* Your assignment *
For the material below, reproduce exactly each line from the one that has "Ridged Amalfi Hoop Earrings" through the one that has "Cover image for", and no others; pictures stay out.

* Input data *
^^^^^^^^^^^^^^^^

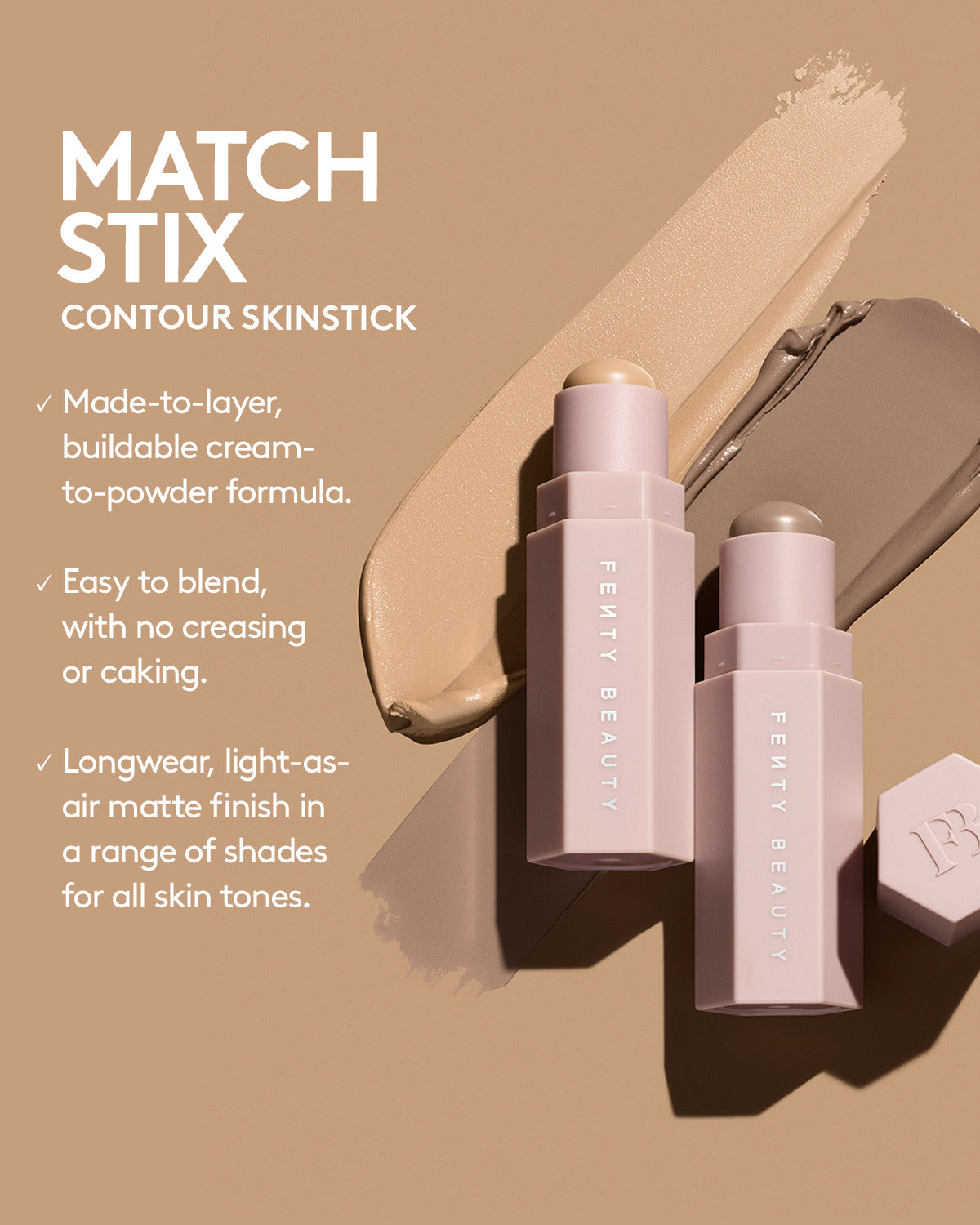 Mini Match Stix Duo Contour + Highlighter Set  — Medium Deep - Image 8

^^^^^^^^^^^^^^^^

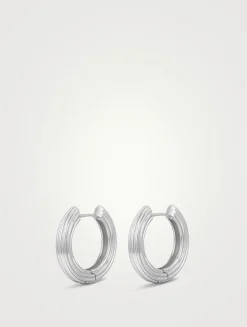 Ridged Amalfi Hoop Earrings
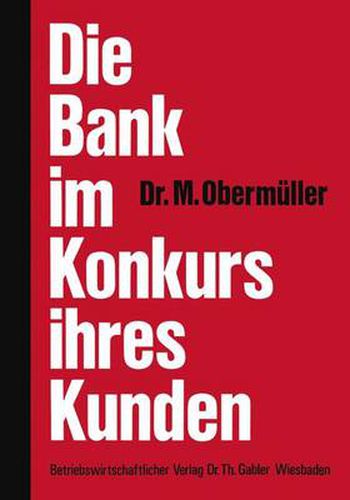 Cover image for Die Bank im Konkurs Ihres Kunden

^^^^^^^^^^^^^^^^

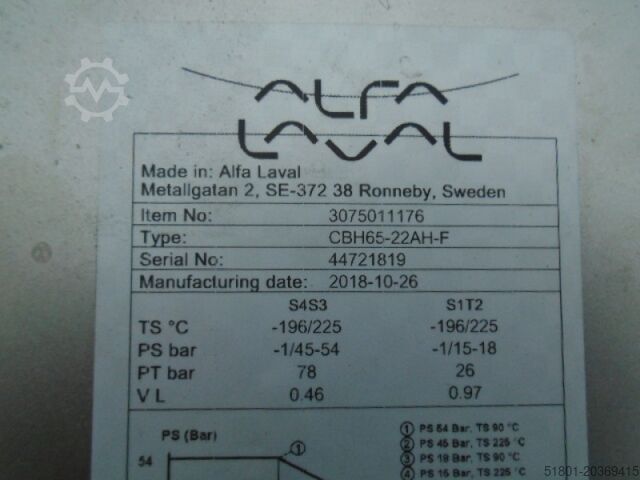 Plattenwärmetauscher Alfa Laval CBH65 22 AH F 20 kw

^^^^^^^^^^^^^^^^

* Response to the task *
 Ridged Amalfi Hoop Earrings
 Cover image for Die Bank im Konkurs Ihres Kunden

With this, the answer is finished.